Study material:
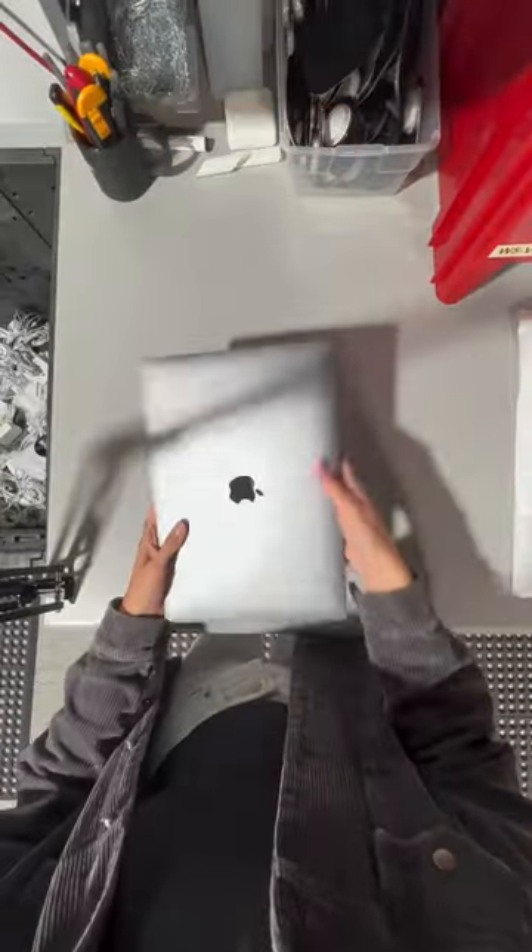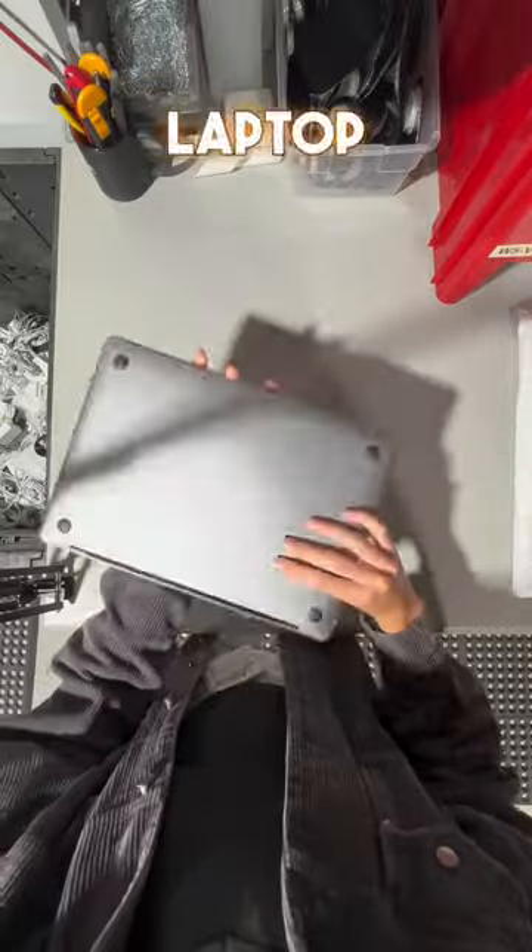You know what time it is. Adrian placed an order, so let's package it for him. Adrian got a MacBook Pro starter pack in good condition. A MacBook starter pack comes with a MacBook, two chargers, and a custom plug laptop sleeve.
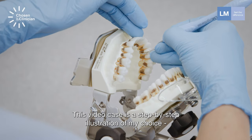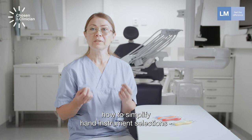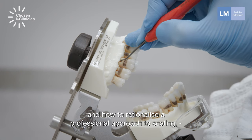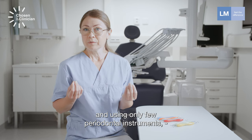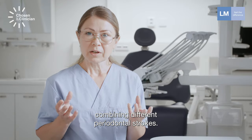This video case is a step-by-step illustration of my choice — how to simplify hand instrument selection and how to rationalize a professional approach to scaling, making it more time-efficient and using only a few periodontal instruments, combining different periodontal strokes.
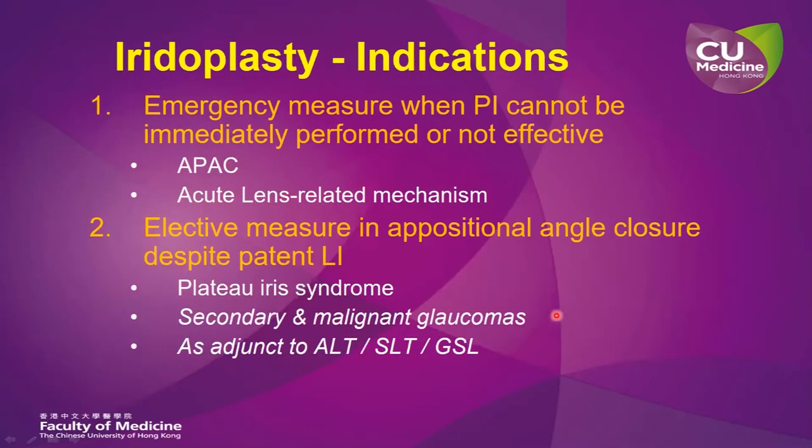Laser iridoplasty is useful in acute primary angle closure, in acute lens-related mechanism of angle closure, also known as acute phacomorphic angle closure. It is also useful as an elective procedure in plateau iris syndrome, in secondary and malignant glaucomas, as well as being used as an adjunct to various forms of trabeculoplasty and goniosynechiolysis.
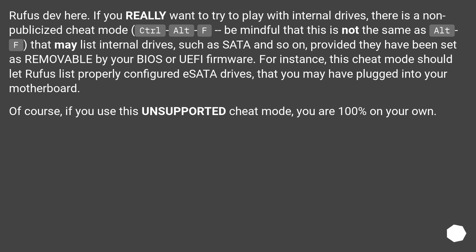Of course, if you use this unsupported cheat mode, you are 100% on your own.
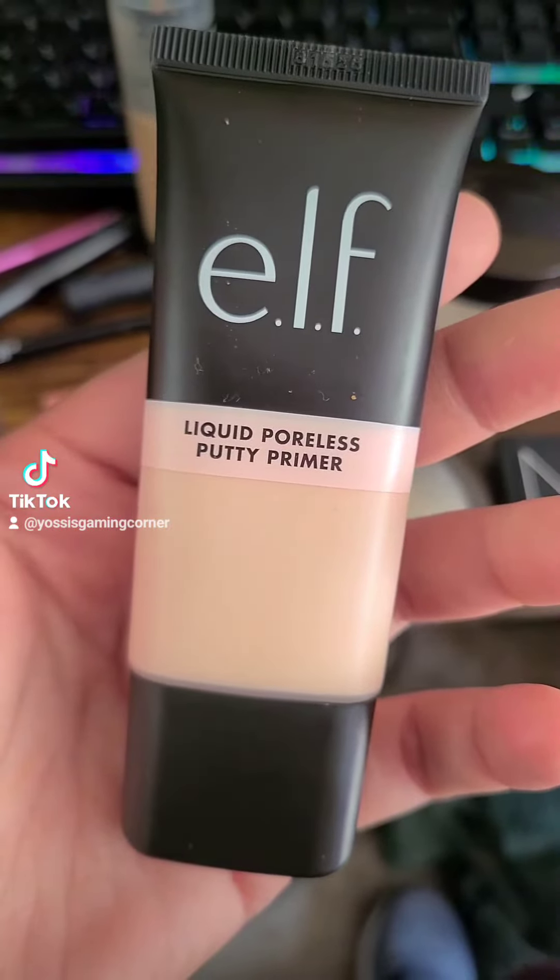So this is the ELF liquid poreless putty primer. This is actually the first time I'm trying this, and I ended up really loving it.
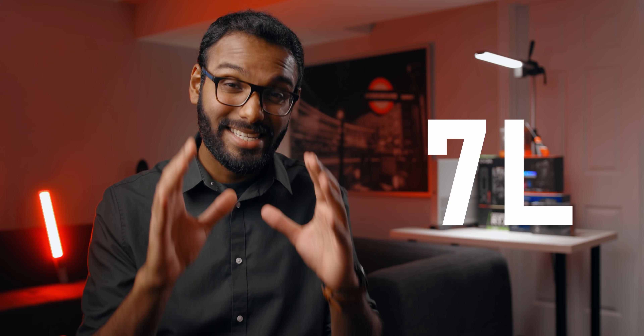Good people, today we are going to be pushing the limits of what's possible with an ITX system by building an extreme ITX PC into a super compact 7 liter case. Honestly, I've never been this excited about a build before and I'm sure you guys are going to love it.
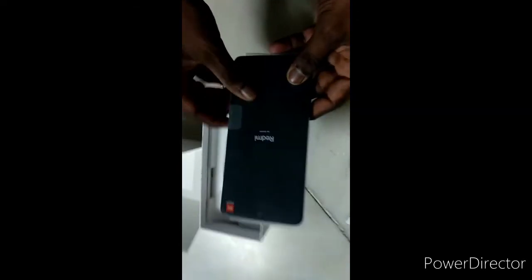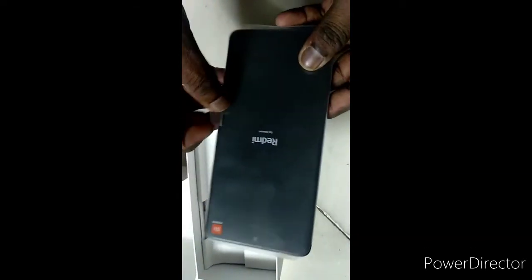Here I am showing everything they've given in the box. They provided a back cover, screen protection, and a tempered glass screen guard. It runs on Android and here are the specifications.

Activity: Begin at the line with "Of course, if" and retype exactly every line through the last one of the entries above, both included, and nothing more; pictures stay out.

Response area:
Of course, if you use this unsupported cheat mode, you are 100% on your own.
So this is the ELF liquid poreless putty primer. This is actually the first time I'm trying this, and I ended up really loving it.
Good people, today we are going to be pushing the limits of what's possible with an ITX system by building an extreme ITX PC into a super compact 7 liter case. Honestly, I've never been this excited about a build before and I'm sure you guys are going to love it.
Here I am showing everything they've given in the box. They provided a back cover, screen protection, and a tempered glass screen guard. It runs on Android and here are the specifications.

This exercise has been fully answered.